Liberal democracies should show that the collective interest is the priority. People have the right to dissent. But they should be ready to bear the consequences of doing so. For example, I don't see anything abnormal in, for example, airlines deciding that they want to be sure that the people boarding their planes have been vaccinated, because this is protecting others.
Does the strength of democracy constitute a risk in these circumstances?
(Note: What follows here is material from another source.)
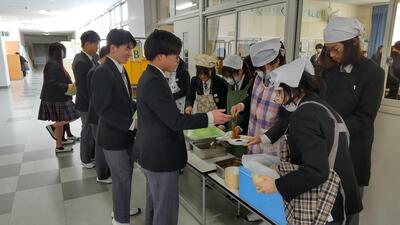 ３／１０　給食３Ｂ－１.JPG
There is a real risk. And this risk comes in what I hope will be the last stage of this crisis, namely how to organize vaccination. We have here a classical clash, which is typical for any liberal democracy, between individual rights and public interest. For example, I, as an individual, have the right to say I don't want to be vaccinated. This is my personal decision for reasons that could be very different from other people's. Or I can decide I have the right to choose the vaccines that I want to use.
At the same time, in order for society to go back to normality, you need the critical number of vaccinated people. And this is something that, in my view, is critically important today.
So how we are going to regulate the clash between individual rights and returning to normality — bearing in mind that, every month the crisis is prolonged, it comes with a very high economic cost: The pressure to do something about the economy will grow.
Europe cannot allow itself to be the last to recover from this crisis, and socio-economic differences are going to be of critical importance.
What challenges will the EU project face in 2021? And how can we confront them?
I believe it is extremely important for Europe as a whole to get out of the crisis in 2021 and to return to a certain level of normality. This basically means rebuilding the economy, opening the borders and moving into a post-pandemic situation.
I also believe that the way the European Union positions itself in the world in 2021 is going to be critical. In this respect, relations with the United States and China are going to be of ultimate importance.
The pandemic marks the real beginning of the 21st century.
Ivan Krastev is a political scientist and the chairman of the Center for Liberal Strategies in Sofia, Bulgaria. He is also a permanent fellow at the Institute for Human Sciences in Vienna, Austria.